▶ _Dataset records_
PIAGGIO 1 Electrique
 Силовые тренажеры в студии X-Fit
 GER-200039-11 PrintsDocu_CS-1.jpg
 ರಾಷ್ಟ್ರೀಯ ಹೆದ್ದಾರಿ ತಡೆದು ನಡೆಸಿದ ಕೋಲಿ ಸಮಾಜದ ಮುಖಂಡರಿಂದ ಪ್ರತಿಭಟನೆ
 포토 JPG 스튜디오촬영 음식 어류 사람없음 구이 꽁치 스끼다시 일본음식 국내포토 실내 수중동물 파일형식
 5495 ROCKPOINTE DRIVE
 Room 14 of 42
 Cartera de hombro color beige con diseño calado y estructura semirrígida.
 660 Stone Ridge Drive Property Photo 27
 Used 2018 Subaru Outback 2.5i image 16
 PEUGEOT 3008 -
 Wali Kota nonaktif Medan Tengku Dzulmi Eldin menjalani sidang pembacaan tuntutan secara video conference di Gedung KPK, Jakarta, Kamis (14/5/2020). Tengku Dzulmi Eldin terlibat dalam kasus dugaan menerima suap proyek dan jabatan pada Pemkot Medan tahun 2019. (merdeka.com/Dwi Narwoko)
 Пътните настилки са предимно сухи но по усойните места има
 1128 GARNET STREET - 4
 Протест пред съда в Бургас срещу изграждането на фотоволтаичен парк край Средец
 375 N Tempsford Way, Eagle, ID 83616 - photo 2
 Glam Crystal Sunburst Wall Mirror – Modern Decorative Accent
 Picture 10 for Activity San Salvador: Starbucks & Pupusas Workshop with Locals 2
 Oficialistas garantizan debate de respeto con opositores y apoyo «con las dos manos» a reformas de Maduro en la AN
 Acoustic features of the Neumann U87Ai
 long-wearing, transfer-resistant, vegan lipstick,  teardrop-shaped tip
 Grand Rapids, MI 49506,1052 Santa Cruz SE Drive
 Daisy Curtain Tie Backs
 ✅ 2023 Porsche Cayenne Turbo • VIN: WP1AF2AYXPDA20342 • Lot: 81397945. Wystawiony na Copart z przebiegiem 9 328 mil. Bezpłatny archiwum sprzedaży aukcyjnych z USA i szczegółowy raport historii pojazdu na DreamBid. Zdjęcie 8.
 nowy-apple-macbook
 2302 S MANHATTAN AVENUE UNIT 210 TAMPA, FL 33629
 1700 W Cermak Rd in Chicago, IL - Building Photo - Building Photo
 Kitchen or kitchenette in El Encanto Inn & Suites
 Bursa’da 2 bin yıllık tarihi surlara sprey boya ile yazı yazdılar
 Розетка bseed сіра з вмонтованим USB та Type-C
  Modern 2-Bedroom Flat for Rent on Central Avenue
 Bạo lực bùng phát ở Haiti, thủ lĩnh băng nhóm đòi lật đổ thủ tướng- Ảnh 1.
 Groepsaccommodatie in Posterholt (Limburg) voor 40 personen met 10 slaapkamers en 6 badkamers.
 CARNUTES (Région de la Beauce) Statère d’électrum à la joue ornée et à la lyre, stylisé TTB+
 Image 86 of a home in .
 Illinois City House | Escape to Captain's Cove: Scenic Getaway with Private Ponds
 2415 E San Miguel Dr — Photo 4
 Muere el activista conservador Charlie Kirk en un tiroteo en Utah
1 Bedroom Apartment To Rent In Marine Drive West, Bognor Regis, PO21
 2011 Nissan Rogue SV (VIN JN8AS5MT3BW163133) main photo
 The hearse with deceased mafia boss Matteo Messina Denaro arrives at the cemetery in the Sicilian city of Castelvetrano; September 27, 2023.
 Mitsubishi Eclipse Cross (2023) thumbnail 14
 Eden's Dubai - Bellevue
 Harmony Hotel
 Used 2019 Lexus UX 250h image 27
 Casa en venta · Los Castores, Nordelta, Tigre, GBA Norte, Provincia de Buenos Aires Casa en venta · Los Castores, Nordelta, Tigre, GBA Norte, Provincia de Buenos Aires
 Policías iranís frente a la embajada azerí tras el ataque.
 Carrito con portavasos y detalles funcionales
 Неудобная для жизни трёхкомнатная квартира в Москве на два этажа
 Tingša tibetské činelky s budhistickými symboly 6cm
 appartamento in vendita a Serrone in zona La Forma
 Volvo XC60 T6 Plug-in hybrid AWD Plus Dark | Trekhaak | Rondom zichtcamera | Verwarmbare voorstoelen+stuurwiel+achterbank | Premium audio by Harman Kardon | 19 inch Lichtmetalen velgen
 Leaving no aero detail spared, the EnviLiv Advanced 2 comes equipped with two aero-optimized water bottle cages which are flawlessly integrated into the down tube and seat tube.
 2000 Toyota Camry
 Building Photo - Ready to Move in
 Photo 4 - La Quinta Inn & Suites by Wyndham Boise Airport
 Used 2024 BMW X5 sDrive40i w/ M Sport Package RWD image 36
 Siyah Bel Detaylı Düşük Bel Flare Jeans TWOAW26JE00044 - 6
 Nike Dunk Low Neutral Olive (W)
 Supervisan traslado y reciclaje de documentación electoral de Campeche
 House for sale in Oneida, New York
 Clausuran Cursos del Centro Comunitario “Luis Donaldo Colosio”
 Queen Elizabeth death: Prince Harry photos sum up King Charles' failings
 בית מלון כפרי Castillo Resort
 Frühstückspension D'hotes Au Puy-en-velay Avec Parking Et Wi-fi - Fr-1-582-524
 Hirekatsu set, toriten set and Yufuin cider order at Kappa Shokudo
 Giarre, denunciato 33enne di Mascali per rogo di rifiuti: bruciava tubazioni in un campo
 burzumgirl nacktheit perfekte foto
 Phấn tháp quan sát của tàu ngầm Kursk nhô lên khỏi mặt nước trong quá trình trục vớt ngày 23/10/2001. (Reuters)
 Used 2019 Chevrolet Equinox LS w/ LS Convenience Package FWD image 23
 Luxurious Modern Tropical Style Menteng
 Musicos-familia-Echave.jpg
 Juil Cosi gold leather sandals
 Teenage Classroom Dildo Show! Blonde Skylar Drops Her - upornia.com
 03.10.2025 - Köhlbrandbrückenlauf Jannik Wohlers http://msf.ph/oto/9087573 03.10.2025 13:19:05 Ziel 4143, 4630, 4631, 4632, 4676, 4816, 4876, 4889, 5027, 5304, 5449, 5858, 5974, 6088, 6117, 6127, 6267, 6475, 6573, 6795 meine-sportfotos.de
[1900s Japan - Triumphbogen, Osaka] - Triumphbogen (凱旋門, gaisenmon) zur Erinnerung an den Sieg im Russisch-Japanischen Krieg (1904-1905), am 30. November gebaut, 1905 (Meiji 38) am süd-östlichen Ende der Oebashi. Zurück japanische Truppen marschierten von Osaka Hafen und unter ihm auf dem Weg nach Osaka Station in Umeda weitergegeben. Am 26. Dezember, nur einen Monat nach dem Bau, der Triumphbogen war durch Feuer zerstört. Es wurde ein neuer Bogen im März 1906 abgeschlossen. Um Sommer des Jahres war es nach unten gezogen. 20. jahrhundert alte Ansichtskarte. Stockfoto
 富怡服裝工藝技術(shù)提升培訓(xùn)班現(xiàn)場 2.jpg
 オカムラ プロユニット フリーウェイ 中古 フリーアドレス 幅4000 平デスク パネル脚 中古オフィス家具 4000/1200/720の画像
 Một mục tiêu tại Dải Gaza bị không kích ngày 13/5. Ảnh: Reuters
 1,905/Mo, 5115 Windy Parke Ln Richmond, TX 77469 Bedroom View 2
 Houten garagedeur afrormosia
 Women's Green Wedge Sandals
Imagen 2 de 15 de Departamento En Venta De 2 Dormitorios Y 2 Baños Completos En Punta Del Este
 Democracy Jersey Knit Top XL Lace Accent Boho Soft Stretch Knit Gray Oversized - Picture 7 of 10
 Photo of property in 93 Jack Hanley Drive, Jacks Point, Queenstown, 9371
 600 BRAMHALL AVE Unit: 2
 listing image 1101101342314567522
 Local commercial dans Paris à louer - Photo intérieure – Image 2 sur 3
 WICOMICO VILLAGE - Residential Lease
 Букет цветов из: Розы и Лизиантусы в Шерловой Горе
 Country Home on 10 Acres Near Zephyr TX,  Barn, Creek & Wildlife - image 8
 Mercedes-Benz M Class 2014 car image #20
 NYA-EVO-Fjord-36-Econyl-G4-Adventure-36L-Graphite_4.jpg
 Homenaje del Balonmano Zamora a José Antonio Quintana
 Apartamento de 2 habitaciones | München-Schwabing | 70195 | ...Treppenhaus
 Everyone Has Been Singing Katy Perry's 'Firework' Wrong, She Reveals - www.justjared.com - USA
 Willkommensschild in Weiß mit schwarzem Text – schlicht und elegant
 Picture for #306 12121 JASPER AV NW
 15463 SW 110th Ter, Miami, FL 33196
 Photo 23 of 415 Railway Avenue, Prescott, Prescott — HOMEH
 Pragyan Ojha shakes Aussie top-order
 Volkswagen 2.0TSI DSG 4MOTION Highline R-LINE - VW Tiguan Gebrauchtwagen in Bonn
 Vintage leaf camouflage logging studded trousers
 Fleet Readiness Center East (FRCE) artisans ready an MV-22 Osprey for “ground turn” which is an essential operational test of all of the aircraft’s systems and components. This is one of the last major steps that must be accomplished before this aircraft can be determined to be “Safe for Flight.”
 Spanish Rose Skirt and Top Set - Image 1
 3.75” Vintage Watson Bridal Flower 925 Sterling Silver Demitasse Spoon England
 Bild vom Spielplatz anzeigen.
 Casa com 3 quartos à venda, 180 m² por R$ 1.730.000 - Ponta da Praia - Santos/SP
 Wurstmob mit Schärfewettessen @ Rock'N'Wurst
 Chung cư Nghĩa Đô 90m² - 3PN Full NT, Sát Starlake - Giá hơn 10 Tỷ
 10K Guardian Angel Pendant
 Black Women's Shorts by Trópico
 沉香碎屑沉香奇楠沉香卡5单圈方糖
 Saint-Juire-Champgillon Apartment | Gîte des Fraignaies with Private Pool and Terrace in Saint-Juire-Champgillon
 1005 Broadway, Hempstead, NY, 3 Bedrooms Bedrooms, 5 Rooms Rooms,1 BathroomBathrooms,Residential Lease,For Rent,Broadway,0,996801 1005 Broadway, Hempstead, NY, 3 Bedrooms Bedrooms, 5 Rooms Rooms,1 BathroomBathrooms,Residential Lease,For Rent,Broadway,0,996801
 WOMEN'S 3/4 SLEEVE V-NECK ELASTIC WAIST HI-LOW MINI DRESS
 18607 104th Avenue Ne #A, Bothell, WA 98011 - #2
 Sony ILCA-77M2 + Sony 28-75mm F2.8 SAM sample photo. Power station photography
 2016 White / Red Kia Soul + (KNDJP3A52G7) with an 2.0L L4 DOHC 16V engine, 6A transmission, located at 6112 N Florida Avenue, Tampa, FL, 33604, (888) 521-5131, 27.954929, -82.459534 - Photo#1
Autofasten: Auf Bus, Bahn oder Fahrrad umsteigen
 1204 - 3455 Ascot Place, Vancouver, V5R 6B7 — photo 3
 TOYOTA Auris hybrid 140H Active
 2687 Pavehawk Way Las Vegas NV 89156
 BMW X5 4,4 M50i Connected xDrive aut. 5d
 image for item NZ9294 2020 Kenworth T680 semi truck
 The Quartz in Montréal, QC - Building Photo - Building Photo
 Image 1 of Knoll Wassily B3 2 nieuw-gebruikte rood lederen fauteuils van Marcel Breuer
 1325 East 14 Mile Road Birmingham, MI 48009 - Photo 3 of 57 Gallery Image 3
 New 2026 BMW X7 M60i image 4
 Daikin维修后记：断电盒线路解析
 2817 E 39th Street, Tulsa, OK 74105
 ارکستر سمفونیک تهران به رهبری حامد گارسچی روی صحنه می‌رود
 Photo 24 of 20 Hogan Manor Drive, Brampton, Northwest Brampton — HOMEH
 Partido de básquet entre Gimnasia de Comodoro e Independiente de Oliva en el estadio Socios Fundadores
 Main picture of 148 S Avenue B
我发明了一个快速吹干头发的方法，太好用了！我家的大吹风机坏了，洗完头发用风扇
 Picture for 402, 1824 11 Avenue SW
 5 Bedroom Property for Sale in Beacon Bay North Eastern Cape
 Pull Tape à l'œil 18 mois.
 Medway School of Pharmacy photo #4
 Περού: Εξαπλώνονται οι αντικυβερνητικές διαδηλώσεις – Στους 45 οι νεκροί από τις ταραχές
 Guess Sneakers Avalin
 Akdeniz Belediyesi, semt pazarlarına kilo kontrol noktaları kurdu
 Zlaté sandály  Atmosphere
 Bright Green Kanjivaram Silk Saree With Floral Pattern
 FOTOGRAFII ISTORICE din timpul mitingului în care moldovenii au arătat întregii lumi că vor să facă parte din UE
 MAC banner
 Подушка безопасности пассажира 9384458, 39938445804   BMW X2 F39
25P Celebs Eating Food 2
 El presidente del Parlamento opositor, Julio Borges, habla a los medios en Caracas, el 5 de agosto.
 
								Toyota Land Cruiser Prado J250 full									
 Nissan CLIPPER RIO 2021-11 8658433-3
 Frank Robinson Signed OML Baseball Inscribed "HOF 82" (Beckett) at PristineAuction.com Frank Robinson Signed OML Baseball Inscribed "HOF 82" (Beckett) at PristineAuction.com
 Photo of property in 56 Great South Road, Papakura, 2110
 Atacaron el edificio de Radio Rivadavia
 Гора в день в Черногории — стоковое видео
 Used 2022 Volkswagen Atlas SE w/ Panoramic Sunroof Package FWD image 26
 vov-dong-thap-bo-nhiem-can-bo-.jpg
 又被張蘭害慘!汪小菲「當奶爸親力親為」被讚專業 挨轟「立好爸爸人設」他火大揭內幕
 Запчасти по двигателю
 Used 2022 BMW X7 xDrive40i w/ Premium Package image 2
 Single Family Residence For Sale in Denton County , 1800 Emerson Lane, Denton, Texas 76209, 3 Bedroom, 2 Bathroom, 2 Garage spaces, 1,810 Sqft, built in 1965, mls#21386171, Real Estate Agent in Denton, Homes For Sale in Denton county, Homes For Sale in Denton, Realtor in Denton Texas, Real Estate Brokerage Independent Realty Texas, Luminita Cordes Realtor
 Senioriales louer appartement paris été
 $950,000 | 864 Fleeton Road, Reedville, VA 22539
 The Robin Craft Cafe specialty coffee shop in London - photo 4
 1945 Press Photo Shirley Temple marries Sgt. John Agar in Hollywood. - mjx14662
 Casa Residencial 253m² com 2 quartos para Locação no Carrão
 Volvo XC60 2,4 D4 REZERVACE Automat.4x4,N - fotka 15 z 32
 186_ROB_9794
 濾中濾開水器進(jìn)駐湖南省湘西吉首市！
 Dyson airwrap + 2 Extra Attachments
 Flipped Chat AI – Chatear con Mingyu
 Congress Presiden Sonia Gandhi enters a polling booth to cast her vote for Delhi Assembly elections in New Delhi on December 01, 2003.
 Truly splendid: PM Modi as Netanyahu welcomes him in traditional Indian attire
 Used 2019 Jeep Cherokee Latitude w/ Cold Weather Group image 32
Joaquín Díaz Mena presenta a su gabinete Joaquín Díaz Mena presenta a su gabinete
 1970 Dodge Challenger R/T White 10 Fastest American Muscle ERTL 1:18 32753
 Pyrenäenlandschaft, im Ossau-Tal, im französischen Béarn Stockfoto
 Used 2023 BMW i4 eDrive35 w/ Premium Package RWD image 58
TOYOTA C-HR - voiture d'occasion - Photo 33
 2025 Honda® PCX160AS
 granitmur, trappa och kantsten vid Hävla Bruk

▶ _Work instructions_
Where the word "quartos" occurs in a line of the records, copy that line.

▶ _Answer space_
 Casa com 3 quartos à venda, 180 m² por R$ 1.730.000 - Ponta da Praia - Santos/SP
 Casa Residencial 253m² com 2 quartos para Locação no Carrão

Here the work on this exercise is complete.